Amid a mounting sense of insecurity, close to 1,000 families belonging to the country’s largest religious minority group, Hindus, plan to migrate to India — a step likely to raise more questions about Pakistan’s ability to protect its minorities.
A group of 171 Hindus has already crossed the border into India after a string of incidents — especially the contentious issue of forced conversions and marriages of Hindu girls.
Prominent Hindu leaders told The Express Tribune on Monday that their plan of migrating to India came at a time when several Hindu families in Jodhpur, a city in Rajasthan state, which shares a border with Sindh, expressed willingness to welcome the migrants.
“Migration tendency in the Hindu community is on the rise in Pakistan,” said the director of Hare Rama Foundation (HRF), a private organisation working for the rights of the scheduled caste of Hindus. “One thousand [Hindu] families have planned this migration,” claimed Ramesh Jaipal, who recently conducted a survey to study “Exodus of Hindus families... a reality?”
Their visas are under process and they are most likely migrating to India in October or November, he revealed.
The migration plans surfaced after Indian authorities extended a soft corner to Pakistani migrants in Jodhpur. Rajasthan Chief Minister Ashok Gehlot has reportedly assured his full support to Pakistani Hindu families seeking asylum in India.
Some 7,000 Pakistani migrants, living mostly in camps in Rajasthan, will be awarded Indian nationality if they are able to provide proper documentation, Indian media reports said.
A Hindu lawmaker, Manwer Lal, of the Muttahida Qaumi Movement, also confirmed the migration of a number of families to India. He, however, rebutted that there was an exodus.
Around 65 Hindus families have migrated from Rahim Yar Khan and various areas of Sindh and Balochistan to India through the Attari border during the last three months, the HRF survey report claimed.

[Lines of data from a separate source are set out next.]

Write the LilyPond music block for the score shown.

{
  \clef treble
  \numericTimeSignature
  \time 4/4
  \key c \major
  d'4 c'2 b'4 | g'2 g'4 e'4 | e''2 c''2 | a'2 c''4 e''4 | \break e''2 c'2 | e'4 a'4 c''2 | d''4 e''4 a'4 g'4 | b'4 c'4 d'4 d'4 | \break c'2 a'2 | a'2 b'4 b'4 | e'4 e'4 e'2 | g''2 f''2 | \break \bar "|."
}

The key reason behind the planed migration from Rahim Yar Khan is said to be the abduction of a Hindu girl, Kiran Kumari, by four people belonging to the Mehar tribe, who are the followers of Pir Pagara, said Ramesh.

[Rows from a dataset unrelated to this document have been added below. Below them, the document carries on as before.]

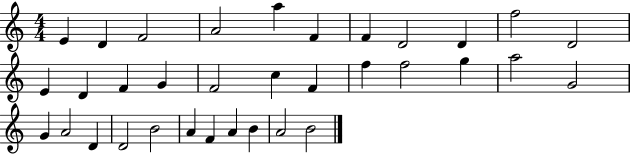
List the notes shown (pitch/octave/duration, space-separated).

E4/q D4/q F4/h A4/h A5/q F4/q F4/q D4/h D4/q F5/h D4/h E4/q D4/q F4/q G4/q F4/h C5/q F4/q F5/q F5/h G5/q A5/h G4/h G4/q A4/h D4/q D4/h B4/h A4/q F4/q A4/q B4/q A4/h B4/h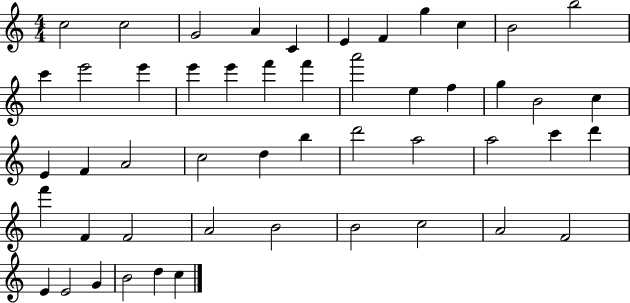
X:1
T:Untitled
M:4/4
L:1/4
K:C
c2 c2 G2 A C E F g c B2 b2 c' e'2 e' e' e' f' f' a'2 e f g B2 c E F A2 c2 d b d'2 a2 a2 c' d' f' F F2 A2 B2 B2 c2 A2 F2 E E2 G B2 d c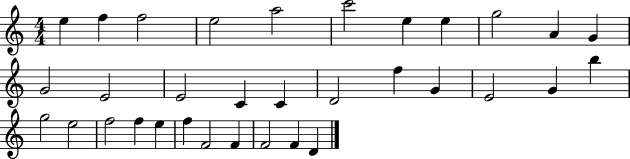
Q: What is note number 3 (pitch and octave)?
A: F5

In the light of this development, the National Assembly’s standing committee on human rights chairman Riaz Fatiana has summoned a meeting on October 8 where representatives of the Hindu community will brief the panel. “We will ensure safety of all minorities. We will not let them to migrate. Hindus are [a part] of our homeland.”

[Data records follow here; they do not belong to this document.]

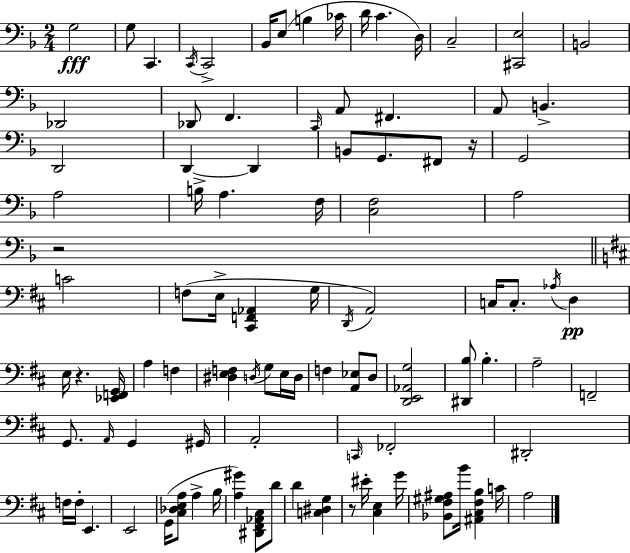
X:1
T:Untitled
M:2/4
L:1/4
K:F
G,2 G,/2 C,, C,,/4 C,,2 _B,,/4 E,/2 B, _C/4 D/4 C D,/4 C,2 [^C,,E,]2 B,,2 _D,,2 _D,,/2 F,, C,,/4 A,,/2 ^F,, A,,/2 B,, D,,2 D,, D,, B,,/2 G,,/2 ^F,,/2 z/4 G,,2 A,2 B,/4 A, F,/4 [C,F,]2 A,2 z2 C2 F,/2 E,/4 [^C,,F,,_A,,] G,/4 D,,/4 A,,2 C,/4 C,/2 _A,/4 D, E,/4 z [_E,,F,,G,,]/4 A, F, [^D,E,F,] D,/4 G,/2 E,/4 D,/4 F, [A,,_E,]/2 D,/2 [D,,E,,_A,,G,]2 [^D,,B,]/2 B, A,2 F,,2 G,,/2 A,,/4 G,, ^G,,/4 A,,2 C,,/4 _F,,2 ^D,,2 F,/4 F,/4 E,, E,,2 G,,/4 [^C,_D,E,A,]/2 A, B,/4 [A,^G] [^D,,^F,,_A,,^C,]/2 D/2 D [C,^D,G,] z/2 ^E/4 [^C,E,] G/4 [_B,,^F,^G,^A,]/2 B/4 [^A,,^C,^F,B,] C/4 A,2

MNA Nafisa Shah was unaware of any such move from any part of Sindh. According to her, Hindus have social and religious ties across the border just like Muslims do and they therefore are both visitors and tourists. “Our religious minorities are not insecure,” she told The Express Tribune.
President Asif Ali Zardari has also constituted a committee to look into reports of the mass migration to India. Senator Maula Bux Chandio is presiding over the committee which will discuss issues related to persecution of minorities.
Published in The Express Tribune, September 25th, 2012.